The reason for the sharpest decline in the IT index is not too far to seek. The incessant selling of IT stocks by foreign investors has pummeled the sectoral index to a 6-month low during May.
According to the latest data, foreign portfolio investors (FPIs) have pulled out ₹24,713 crore from the information technology sector in April and May. The sector witnessed the second highest outflow of FPIs funds in the first two months of the current fiscal followed by banking and financial services.
In April, FPIs pulled out ₹8,579 crore from the IT sector. However, their sell-off in the sector nearly doubled to ₹16,134 crore in May.
Reasons for sell-off
Nitin Raheja, Executive Director, Head-Discretionary Equities at Julius Baer attributes two reasons for the intensified FPI sell-off in the IT sector.
“Firstly, they (FPIs) are booking profits in a sector in which they have done really well. The valuation of mid-cap IT companies also had touched stratospheric levels and was ripe for a correction and hence the sell-off. Secondly, the expectation of a recession in the US is leading to fears that the IT spending might see a sharp slowdown impacting the order books of the IT services companies,” Raheja added.
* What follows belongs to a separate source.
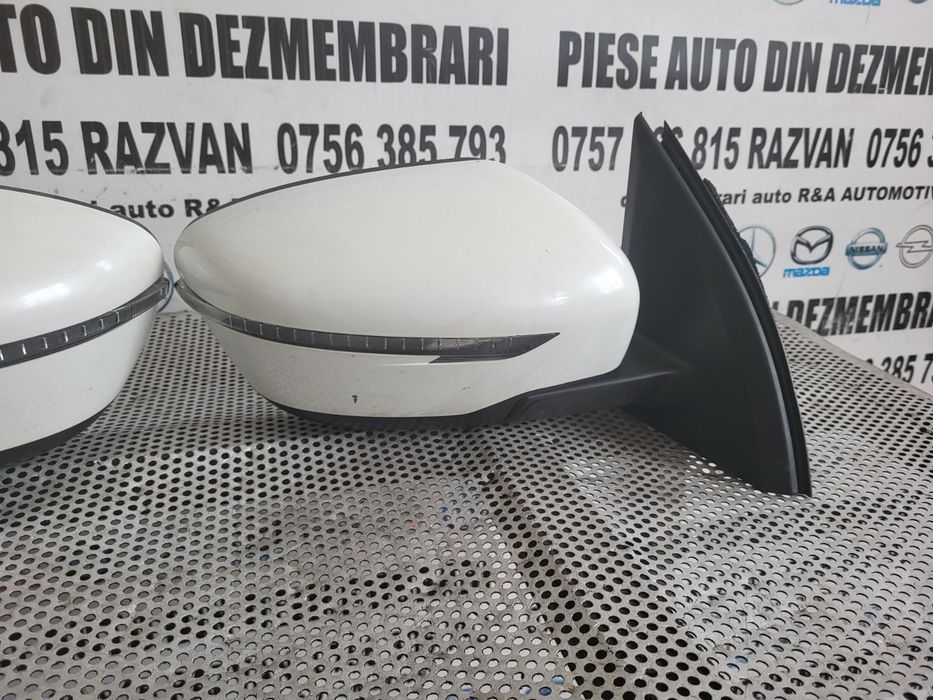 Oglinzi Oglinda Stanga Dreapta Nissan Qashqai J11 Facelift An 2018-2019-2020 Volan Stanga Pliabile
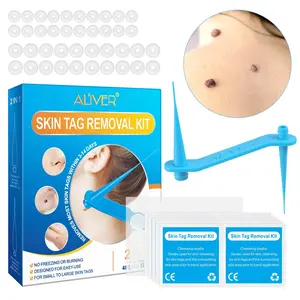 ALIVER Blue 2-in-1 Simple Skin Care Tool Kit: A solution for smooth skin, featuring a dual-ended tool, cleaning pads, rubber rings, and skin care patches. This kit uses a physical approach to help you achieve smooth skin.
FPIs have been net sellers in Indian equities since October 2021 amid concerns over a host of domestic and global economic challenges. The foreign investors have pulled out ₹2.06-lakh crore from Indian equities between October 2021 and May 2022 after a record net investment of ₹2.74-lakh crore in FY21. They have pulled out ₹13,888 crore between June 1-10.
Major factors at play
VK Vijayakumar, Chief Investment Strategist, Geojit Financial Services, attributes the incessant FPI sell-off to three factors including overvaluation of Indian stocks as compared to its emerging market (EM) peers, dollar appreciation against Indian currency and rising bond yields, and finally, profit booking.
The banking and the financial services sector is bearing the maximum brunt of massive FPI outflow. The sector saw an outflow of ₹24,907 crore in April and May. FPIs net investment outflow from the financial sector touched a high of ₹82,398 crore in FY22.
“Financials by virtue of their weight in the indexes has been an over-owned sector and hence has borne the brunt of the sell-off. IT sector, probably the second-largest holding for FPI’s, has also seen a similar sell-off,” Raheja said.
Geojit’s Vijayakumar said FPIs are sitting on profits only in a few markets like India while they are sitting on big losses in China and consider Russia as not investible. “So, they are booking profits in India and segments like IT and financials,” he said.